::: RECORD EXCERPTS :::

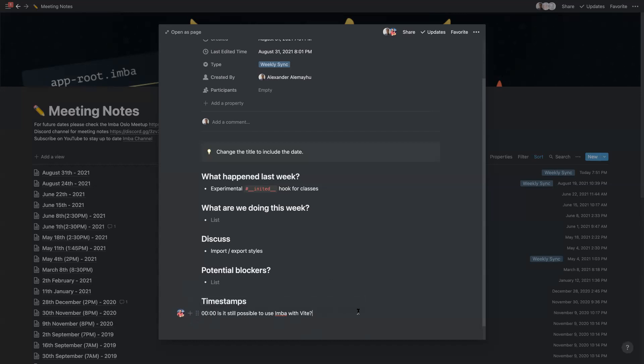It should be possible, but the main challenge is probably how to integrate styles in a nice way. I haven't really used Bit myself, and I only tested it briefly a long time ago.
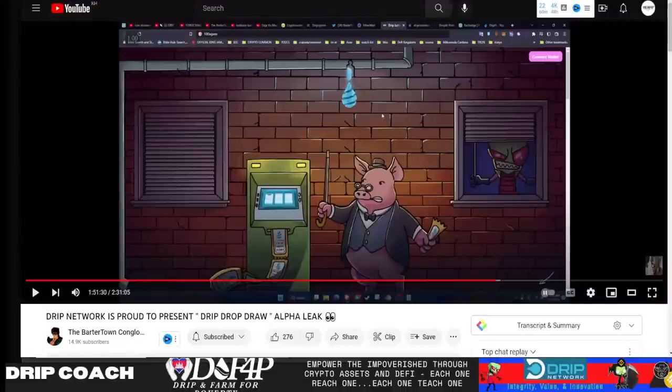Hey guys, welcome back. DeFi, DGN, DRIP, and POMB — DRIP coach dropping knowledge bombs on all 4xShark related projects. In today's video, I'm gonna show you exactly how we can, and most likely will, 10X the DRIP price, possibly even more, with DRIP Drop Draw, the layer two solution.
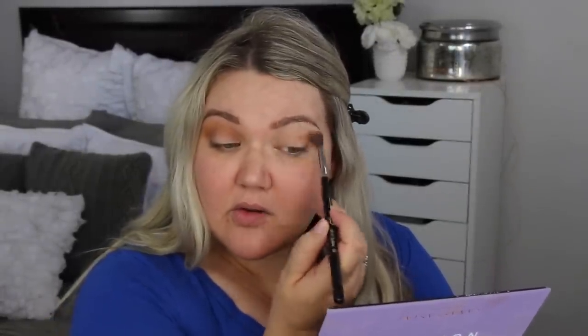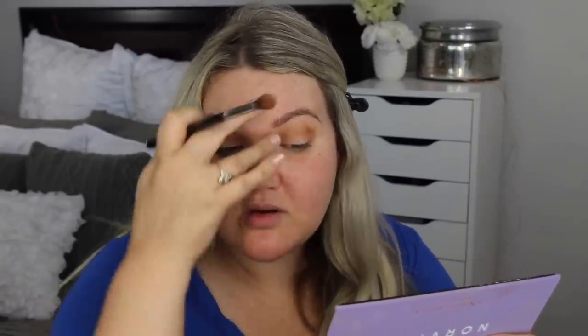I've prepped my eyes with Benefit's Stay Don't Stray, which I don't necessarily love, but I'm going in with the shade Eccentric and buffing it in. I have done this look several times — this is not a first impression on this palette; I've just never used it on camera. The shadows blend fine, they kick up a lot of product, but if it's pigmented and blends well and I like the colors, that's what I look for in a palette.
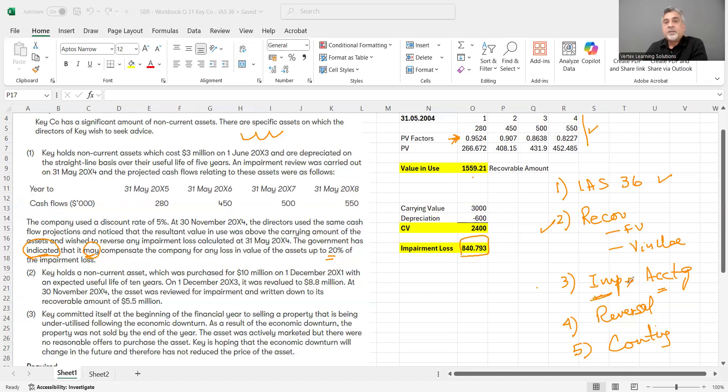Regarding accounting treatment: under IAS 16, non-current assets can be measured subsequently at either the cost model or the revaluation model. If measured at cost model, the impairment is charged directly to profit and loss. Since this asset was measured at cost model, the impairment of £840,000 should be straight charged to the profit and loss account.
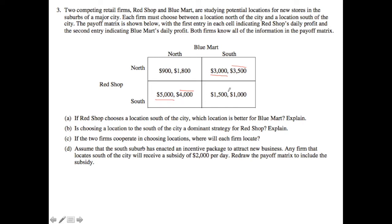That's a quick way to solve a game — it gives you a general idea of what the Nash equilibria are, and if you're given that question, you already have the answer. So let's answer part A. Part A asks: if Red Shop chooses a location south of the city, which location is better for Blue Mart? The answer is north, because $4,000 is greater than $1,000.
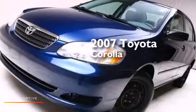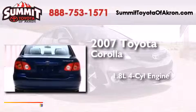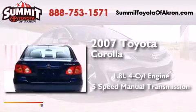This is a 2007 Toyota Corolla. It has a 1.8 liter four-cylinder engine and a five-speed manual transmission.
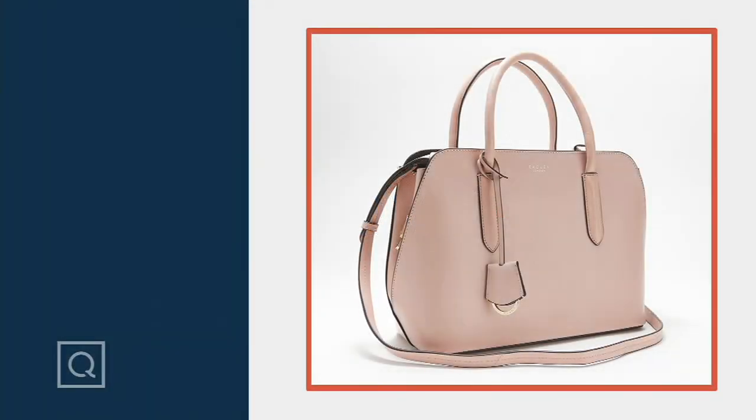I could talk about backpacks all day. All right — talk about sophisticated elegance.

:::

PROBLEM: What you return must match, character for character, the lines above from the one with "Hey guys, welcome" through the one with "I've prepped my", minus any pictures.

EXPECTED OUTPUT:
Hey guys, welcome back. DeFi, DGN, DRIP, and POMB — DRIP coach dropping knowledge bombs on all 4xShark related projects. In today's video, I'm gonna show you exactly how we can, and most likely will, 10X the DRIP price, possibly even more, with DRIP Drop Draw, the layer two solution.
I've prepped my eyes with Benefit's Stay Don't Stray, which I don't necessarily love, but I'm going in with the shade Eccentric and buffing it in. I have done this look several times — this is not a first impression on this palette; I've just never used it on camera. The shadows blend fine, they kick up a lot of product, but if it's pigmented and blends well and I like the colors, that's what I look for in a palette.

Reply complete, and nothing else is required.